Uma decisão da desembargadora Regina Helena Afonso de Oliveira Portes, do Tribunal de Justiça do Paraná (TJPR), relatora do Pedido de Tutela de Urgência formulado pela Câmara Municipal de Matinhos, revogou, nesta sexta-feira (11), a liminar concedida ao prefeito eleito em 15 de novembro.

José Carlos do Espírito Santo, o “Zé da Ecler”, quando vereador, havia perdido o mandato pela Câmara Municipal e, portanto, não poderia concorrer nem à reeleição de vereador nem a prefeito do município, mas conseguiu retornar à Câmara e concorrer a prefeito graças a uma medida liminar.

A desembargadora considerou uma série de fatores jurídicos para fundamentar sua decisão, ressaltando que Zé da Ecler teve seu mandato extinto em face de não ter comparecido em sessões extraordinárias na Câmara de Vereadores, bem como teve seu mandato cassado por quebra de decoro parlamentar, e considerou legais as decisões da Câmara Municipal que o afastaram de suas funções.

Regina Helena Afonso de Oliveira Portes destacou que a legalidade dos decretos emanados pela Câmara Municipal não poderia ter sido modificada em caráter liminar, como conseguiu Zé da Ecler.

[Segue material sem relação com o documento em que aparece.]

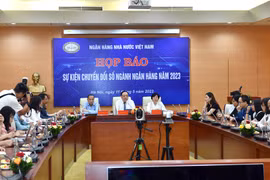 Lãnh đạo Ngân hàng Nhà nước tại buổi họp báo. (Ảnh: Vietnam+)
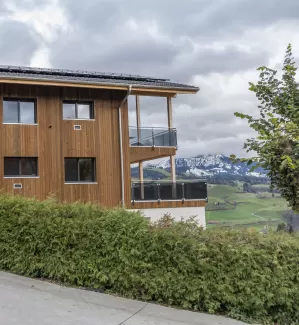 Wir freuen uns darauf, Ihnen hochwertige Holzprodukte und erstklassigen Service zu bieten. Kontaktieren Sie uns gerne, wenn Sie Fragen haben oder eine individuelle Beratung wünschen. Truberholz – Ihr Partner für hochwertiges Holz in der Schweiz."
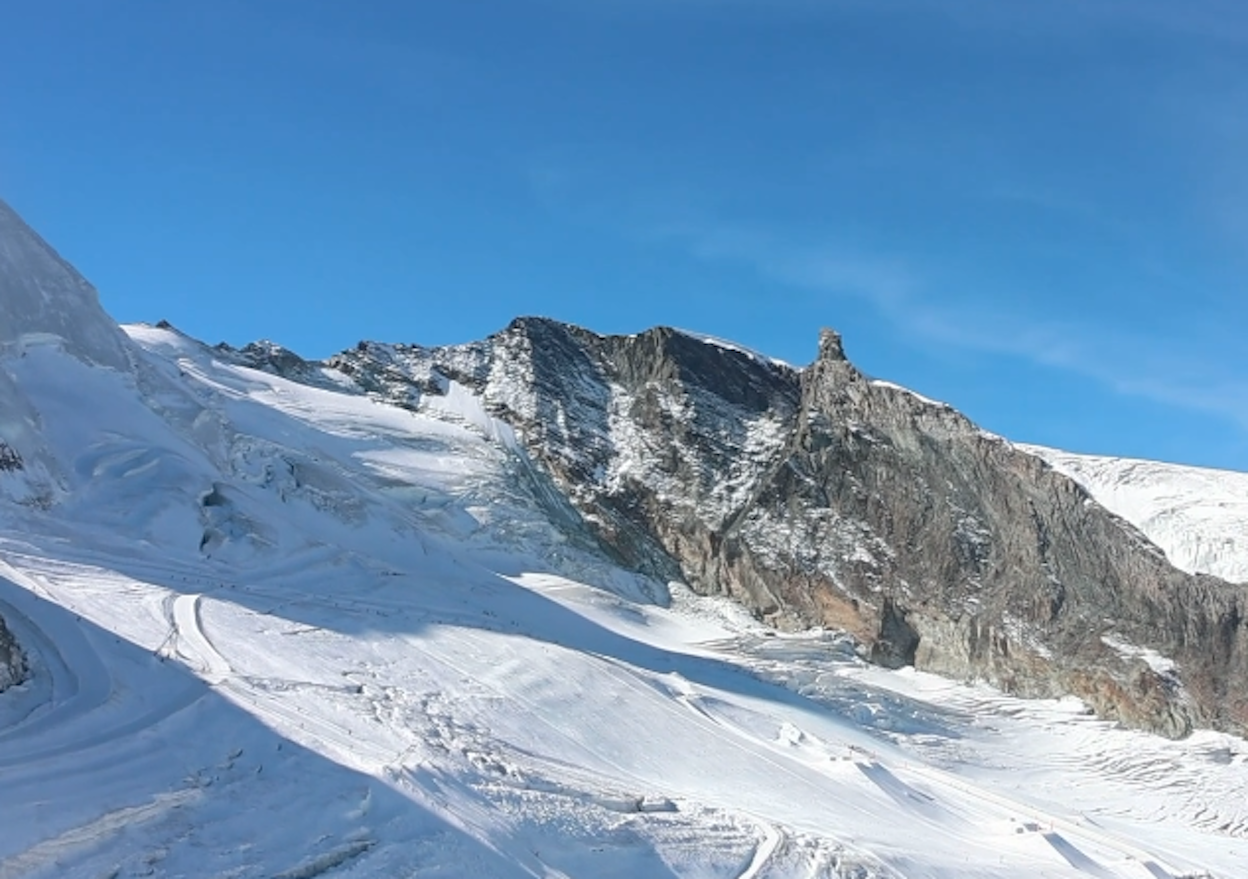 Gletsjergebied in Saas-Fee. Webcambeeld via Feratel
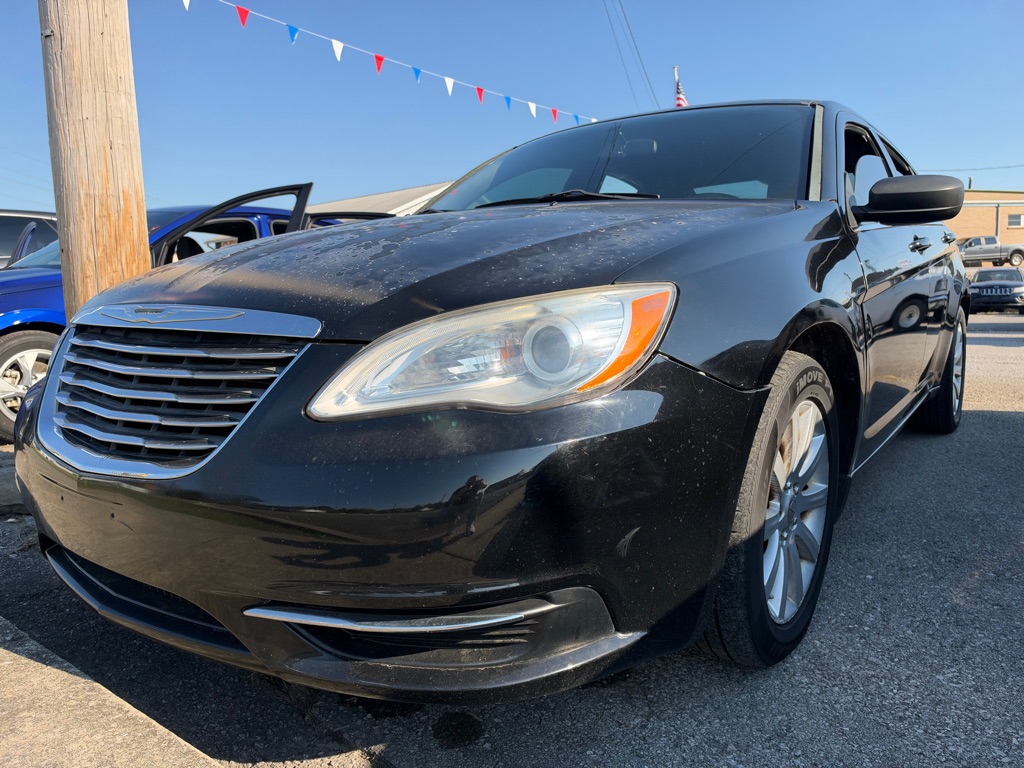 2012 CHRYSLER 200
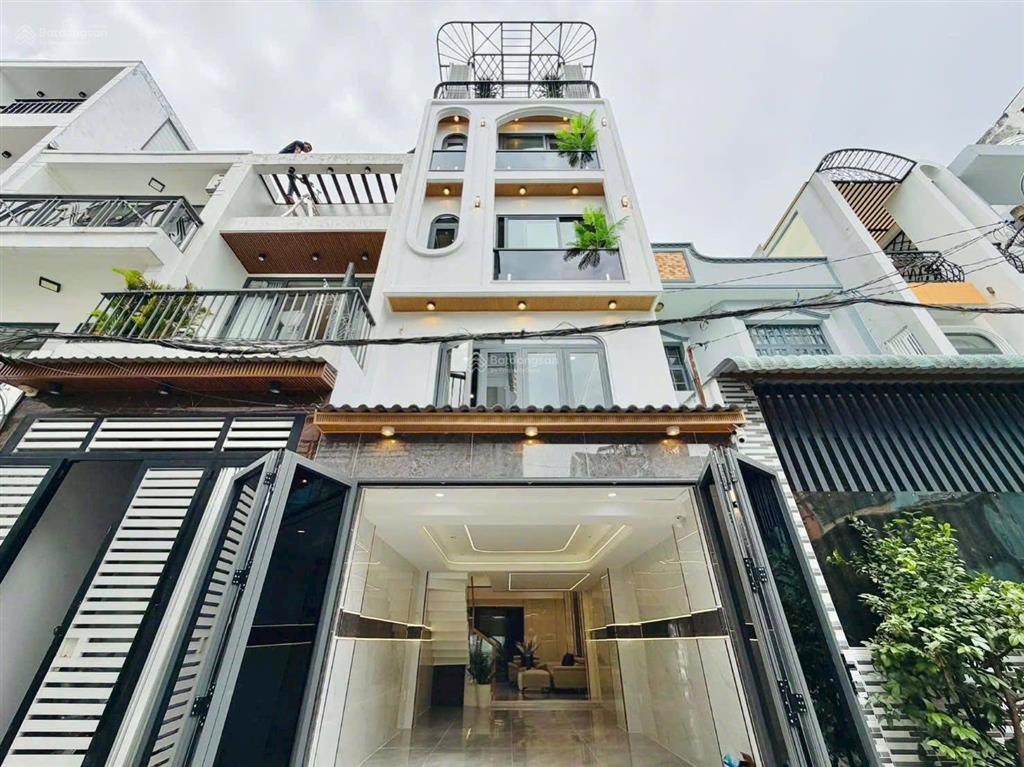Chủ đi định cư bán nhà nguyễn văn trángq1, gần đại học hoa sen. giá 5tỷ650/79m2 đang cho thuê 27tr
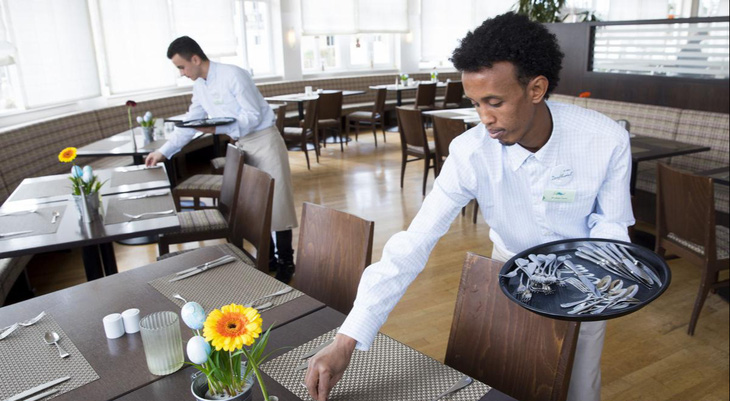 Lao động nhập cư trong ngành nhà hàng khách sạn tại Đức - Ảnh: DW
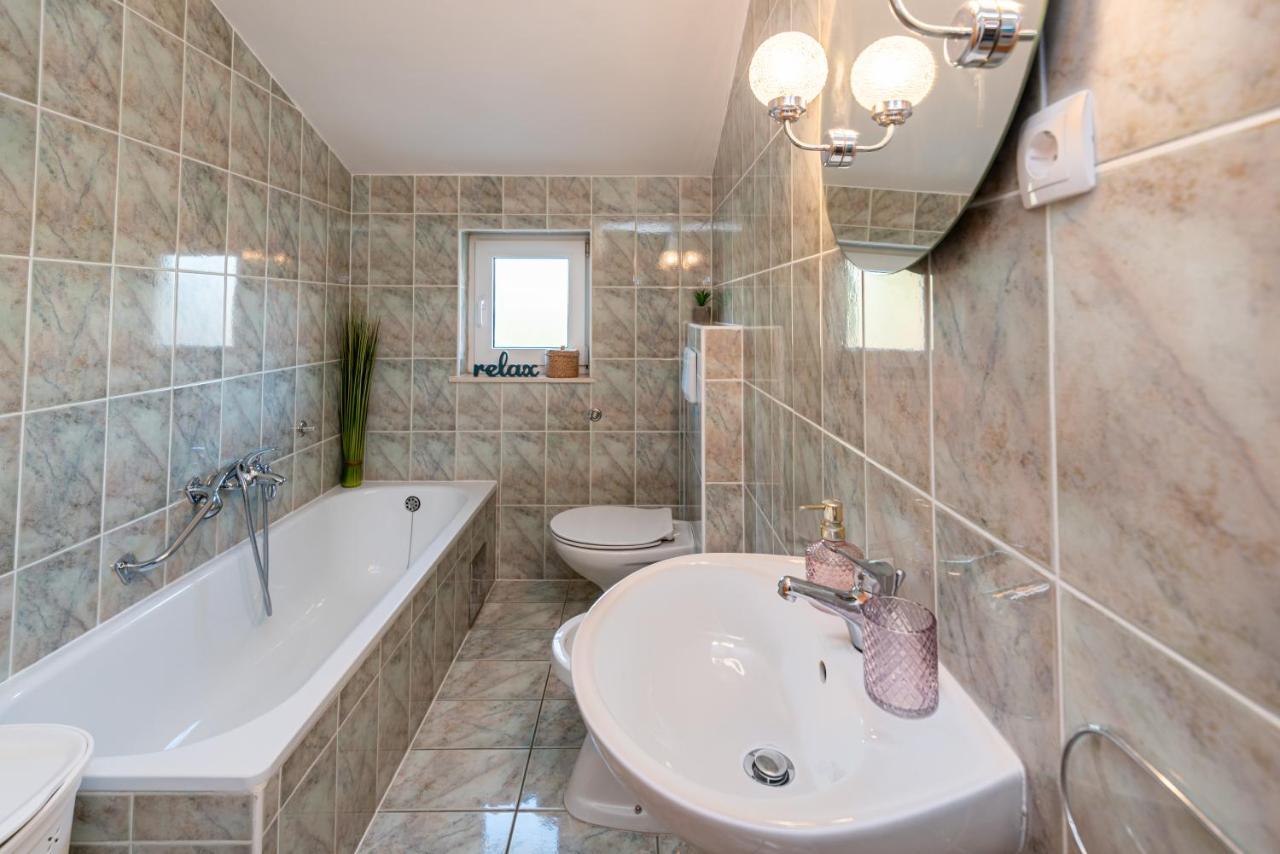 Magnolia Apartmani Водице Екстер'єр фото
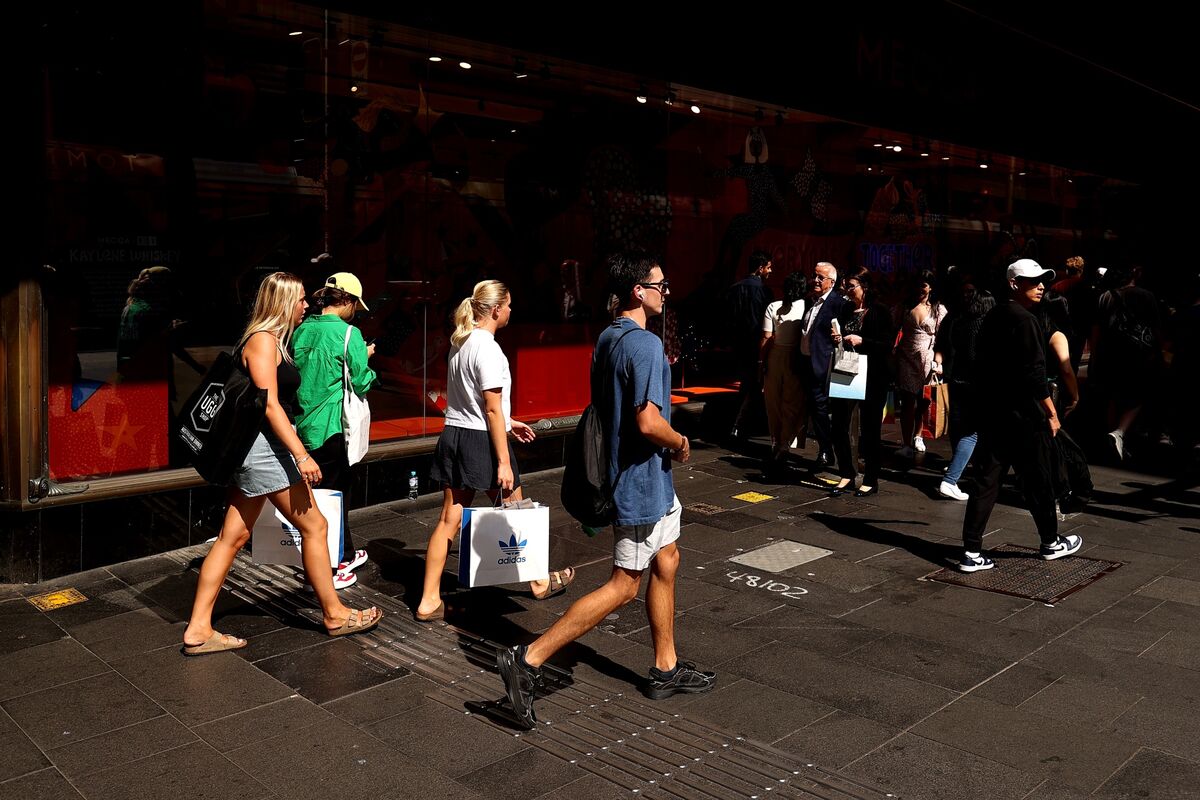 Australia S Consumer Sentiment Extends Pessimism Into 2024 Bloomberg   1200x800 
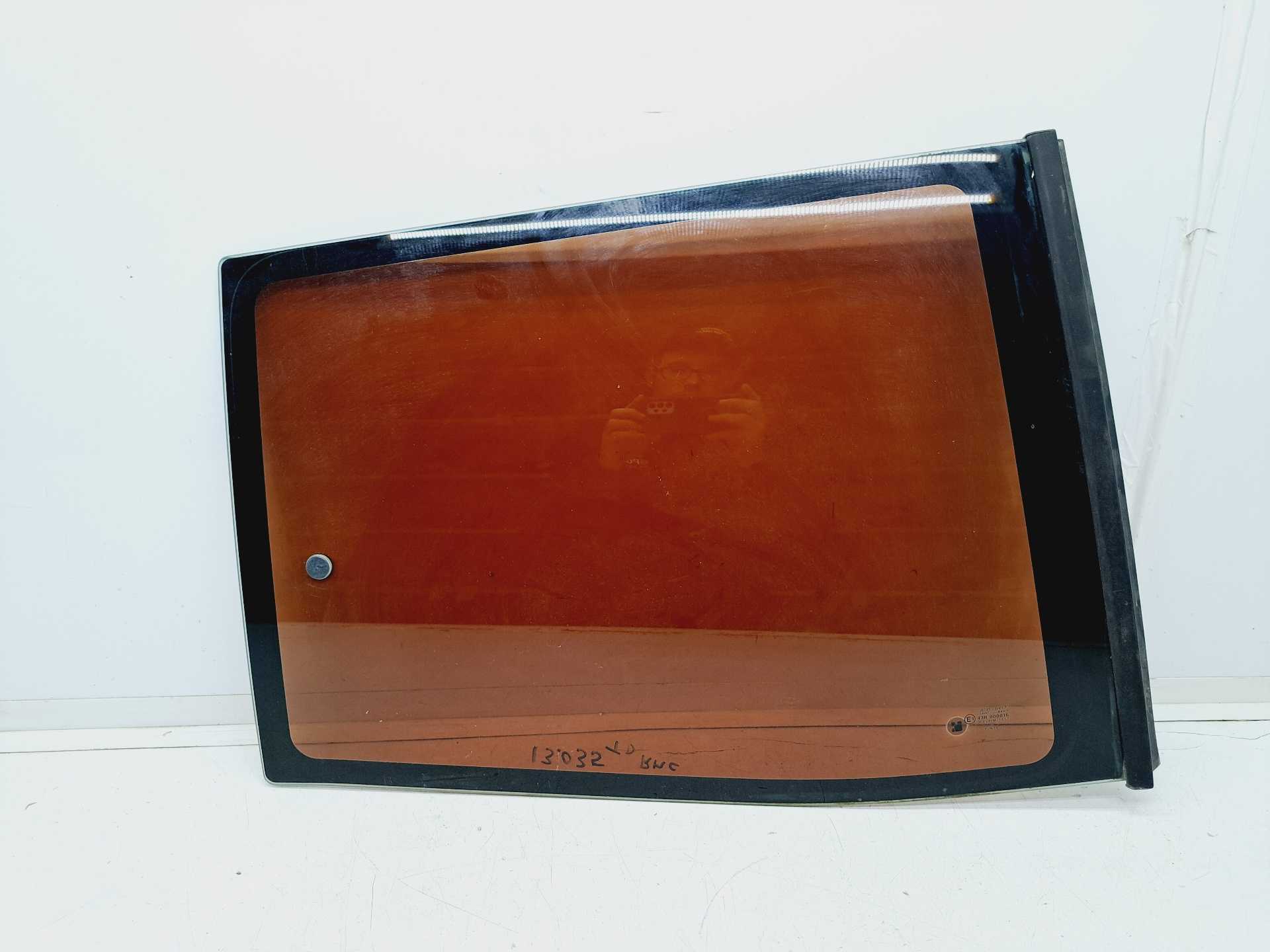 Recambio de luna trasera derecha para nissan terrano/terrano.ii (r20) comfort referencia OEM IAM 43R000016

O mandato do Vereador já havia sido extinto quando do julgamento do Agravo de Instrumento, que lhe permitiu retornar à Câmara e, sob liminar, concorrer à Prefeitura.

“Assim, como já decidido anteriormente, a decisão da Câmara Municipal de Matinhos tem o escopo de afastar os maus agentes públicos que não estão aptos a desempenhar a função pública. Portanto, no mérito, os Decretos 002/2019 e 003/2019 devem ser preservados, até posterior análise do mérito das respectivas ações principais ainda em primeiro grau”, escreveu a desembargadora.

VEJA A DECISÃO

NOVA ELEIÇÃO

A decisão faz com que surja a possibilidade de que uma nova eleição seja realizada em Matinhos. A data para o novo pleito, caso aconteça, seria 26 de março de 2021.